Learners bear the brunt as hoards of teachers lose jobs due to national budget cuts

Teachers are losing their jobs across the province. File picture: Pixabay

Teachers are losing their jobs across the province. File picture: Pixabay

Published Apr 5, 2024


National budget cuts have resulted in teachers losing their jobs across the Western Cape.

The loss of teachers at schools has detrimental effects on learners as the second term for the academic year started on Wednesday.

Panic ensued as teachers across the Western Cape have been told they no longer have jobs.

In Atlantis, the schools sent out a letter to parents explaining the loss of teachers.

Letters sent to parents in Atlantis. Photo: supplied

At Proteus Technical High School, six teachers had their contracts terminated. At Avondale Primary, two teachers were terminated and Wesfleur Primary School lost three teachers.

Learners were now forced to attend school on alternative days.

Speaking to IOL, the mother of Grade 11 learner at Proteus, Taryn Hearne said she was deeply concerned about her daughter’s schooling.

Letters sent to parents in Atlantis. Photo: supplied

“I am deeply saddened at this fact as my child is directly affected by this. Her schooling schedule has been shortened and it worries me as this is a critical year for her,” she said.

“This will be putting more stress on my child as well as me as a parent for her to maintain her grades.I want the government to resolve this as soon as possible.”

Hearne also has a son at Wesfleur Primary School.

Letters sent to parents in Atlantis. Photo: supplied

Another parent with twin daughters at Avondale Primary, Leitita Stubbs-Jordaan said these teachers being terminated has a direct impact on the future of this country.

“They want to cut from our children’s future and the future of our country. There is other stuff to cut from but they want to cut on education,” she said.

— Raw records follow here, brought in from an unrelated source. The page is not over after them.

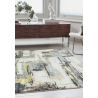 photo ambiance tapis orion jaune et gris motifs abstraits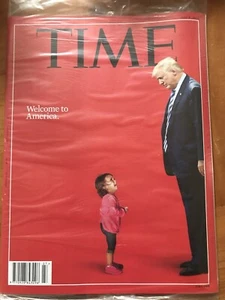 Time Magazine 2018 Donald Trump Welcome To America Mexico Border Wall NEW SEALED - Picture 1 of 2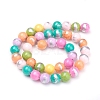 Natural Mashan Jade Beads Strands G-G833-10mm-14-2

“Now the children must go to school every other day. This is taking from our children and then they have to play catch up with their school work with loads of homework which becomes the parents' problem and this just because of money.”

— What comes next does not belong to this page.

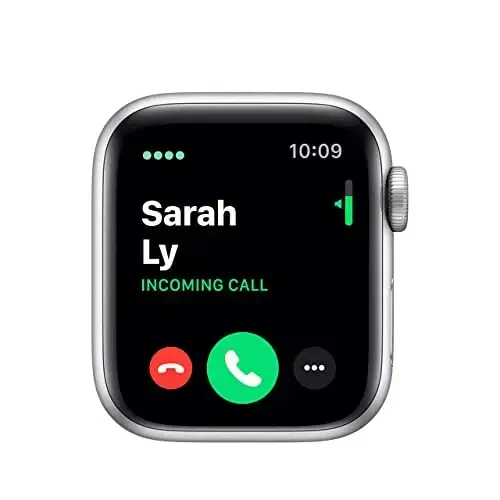 Apple Watch Series 5 (GPS + Cellular, 40MM) - Silver Aluminum Case with White Sport Band (Renewed) - 3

With classrooms already overcrowded and teachers having a heavy workload, Stubbs-Jordaan is concerned about how children will be given the proper attention needed during lessons.

“How will your child be able to get the proper attention from the teachers? There are just so many hours in a day. feel for our children first Covid and now this,” she added.

The spokesperson for the Western Cape Education Department, Bronagh Hammond said the department was dealt a heavy blow in 2023, when national government announced major budget cuts which forced it to implement stringent cost containment measures.

“We are currently facing an R870 million deficit in the 2024/25 financial year that needs to be absorbed to cover the cost of the increases in the nationally negotiated public sector wage agreement,” Hammond said.

“We issued a circular (Circular 0034/2023) on November 21, 2023, indicating that in order to maintain the number of permanent teaching posts in the system and stability in our schools, we needed to implement various cost containment measures,” she said.

“We have consulted widely on the above with school governing body associations, principals’ associations, teachers’ unions, and schools,” Hammond said.

“We agreed to delay the implementation by one term, to ensure our schools were ready to manage this process.”

She said in preparation for the implementation, approximately 3,100 contract posts were converted to permanent posts between January 1, and March 31.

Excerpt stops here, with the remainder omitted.